Big Data

A side-by-side comparison of Apache Spark and Apache Flink for common streaming use cases


Apache Flink and Apache Spark are both open-source, distributed data processing frameworks used widely for big data processing and analytics. Spark is known for its ease of use, high-level APIs, and the ability to process large amounts of data. Flink shines in its ability to handle processing of data streams in real-time and low-latency stateful computations. Both support a variety of programming languages, scalable solutions for handling large amounts of data, and a wide range of connectors. Historically, Spark started out as a batch-first framework and Flink began as a streaming-first framework.

In this post, we share a comparative study of streaming patterns that are commonly used to build stream processing applications, how they can be solved using Spark (primarily Spark Structured Streaming) and Flink, and the minor variations in their approach. Examples cover code snippets in Python and SQL for both frameworks across three major themes: data preparation, data processing, and data enrichment. If you are a Spark user looking to solve your stream processing use cases using Flink, this post is for you. We do not intend to cover the choice of technology between Spark and Flink because it’s important to evaluate both frameworks for your specific workload and how the choice fits in your architecture; rather, this post highlights key differences for use cases that both these technologies are commonly considered for.

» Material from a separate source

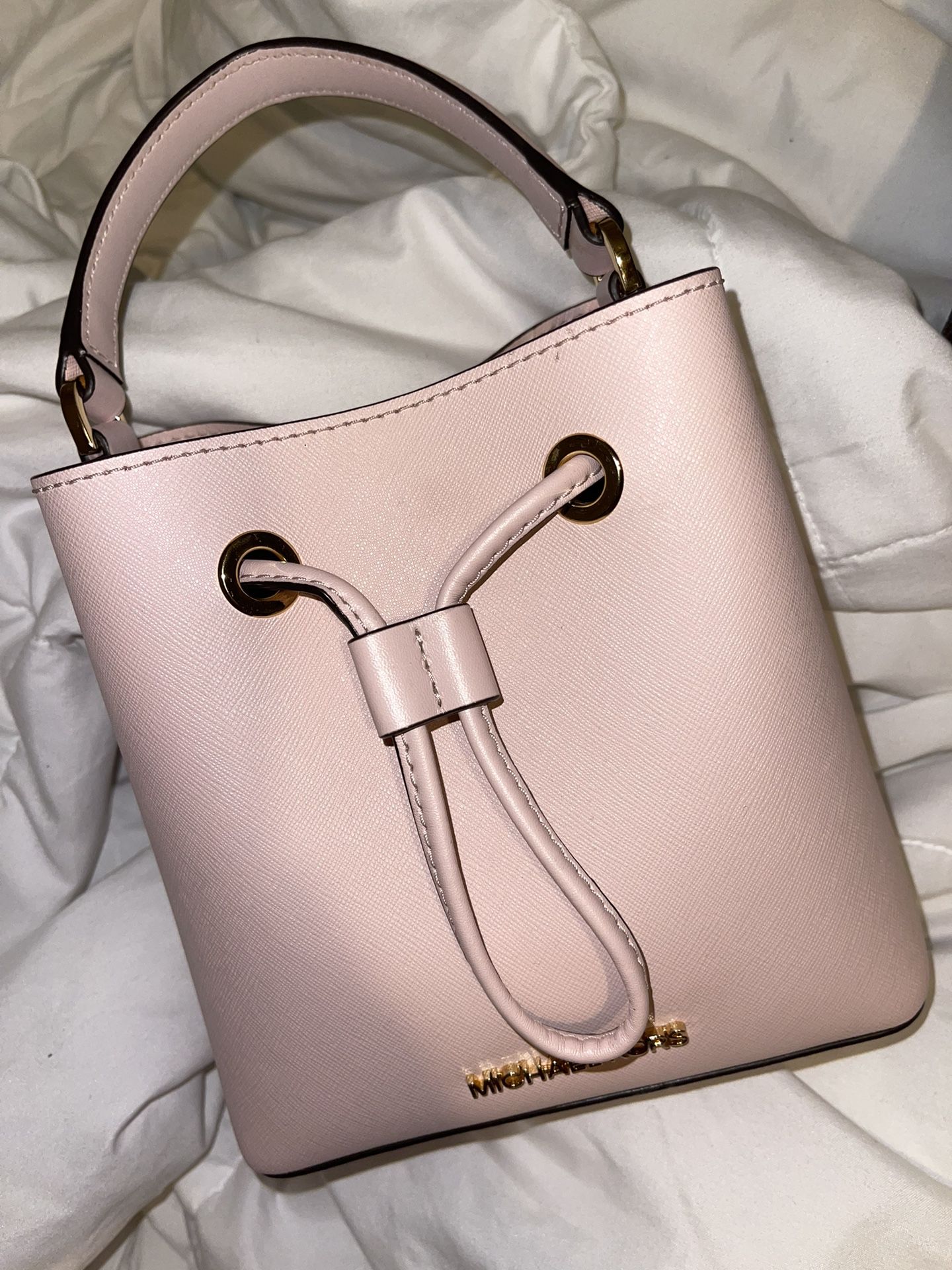 Michael Kors Pink Tote for Sale in Bakersfield, CA - OfferUp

Apache Flink offers layered APIs that offer different levels of expressiveness and control and are designed to target different types of use cases. The three layers of API are Process Functions (also known as the Stateful Stream Processing API), DataStream, and Table and SQL. The Stateful Stream Processing API requires writing verbose code but offers the most control over time and state, which are core concepts in stateful stream processing. The DataStream API supports Java, Scala, and Python and offers primitives for many common stream processing operations, as well as a balance between code verbosity or expressiveness and control. The Table and SQL APIs are relational APIs that offer support for Java, Scala, Python, and SQL. They offer the highest abstraction and intuitive, SQL-like declarative control over data streams. Flink also allows seamless transition and switching across these APIs. To learn more about Flink’s layered APIs, refer to layered APIs.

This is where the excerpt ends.